Tuesday, April 14, 2009

Adventureland

It's the story of a recent Oberlin graduate returning home an overqualified intellect not really qualified for anything. The story of a meandering 20-something forced to forego Ivy League ambitions to take on a menial job at Adventureland, a decaying backwater amusement park where future takes pause to take in the shitty glory of it all.

Sitting in on a Monday night showing of Adventureland, Greg Mottola's newest ode to youth, I was struck by the realization that James's story may not be so different from my own. Our liberal arts degrees in hand, Pomona students enter the world with an appreciation for the life of the mind, but little knowledge of life itself. James, an Oberlin alum, trades the halls of the elite Ohio liberal arts college for life back home in Pittsburgh, his medieval ruminations displaced by crooked carnival games and giant ass pandas. He was supposed to travel through Europe, supposed to study journalism at Columbia, supposed to find love. Instead, he lives at home doing minimum wage work to kill time while he waits for the life he thought he'd have to start. Just as you'd expect, it never arrives. But James moves on anyway.

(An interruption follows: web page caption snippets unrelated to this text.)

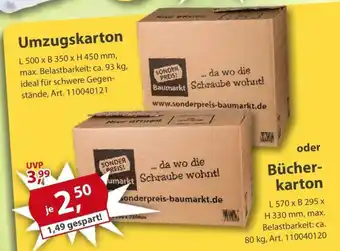 Sonderpreis Baumarkt Umzugskarton oder Bücher- karton Angebot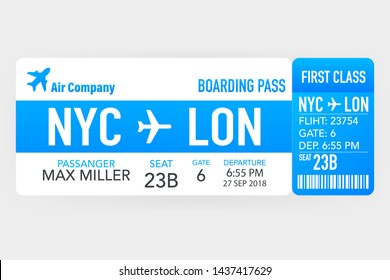 Airline tickets or boarding pass. Vector stock illustration.
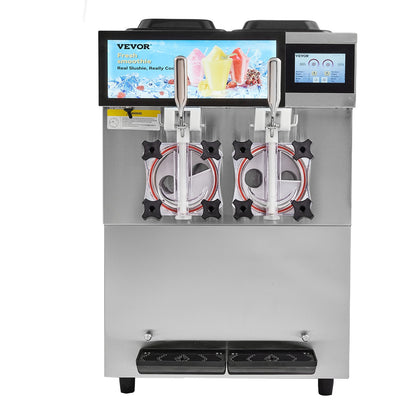 Commercial Slushy Machine, 2 x 12L / 3.17 Gal Double Tanks, Cool and Freeze Modes, Stainless Steel Margarita Smoothie Frozen Drink Maker, Slushie Machine for Party Cafes Restaurants Bars Home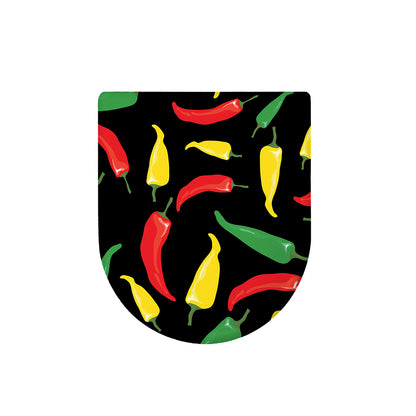 Colorful Chili Peppers Pattern Print Toilet Lid Cover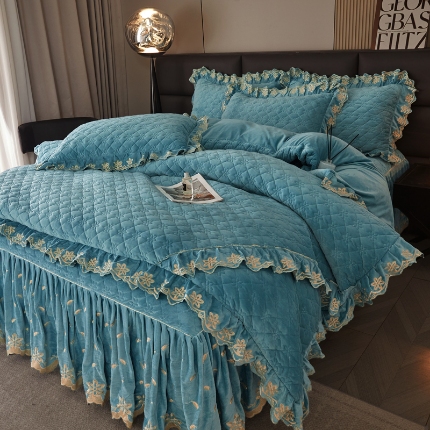 91家纺网 家纺一手货源 找家纺 （总）瑞宝2025新款宝宝绒欧式床裙款四件套-宝格利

Just as he did in Superbad, Mottola is able in this film to find comedy in reality with situational humor derived more from the audience's understanding of the character than from any simple gaff. The acting is nuanced with a clear understanding of vulnerabilities and insecurities that all of the characters, and all people really, face as they come to terms with life as it is and not as it should be. And the soundtrack manages to flow seamlessly from saccharine 80's pop ("Rock Me Amadaeus" plays no less than 5 times) to The Velvet Underground. It's a transformative film in the vein of Superbad that deals with real issues and the real people dealing with them. A must see.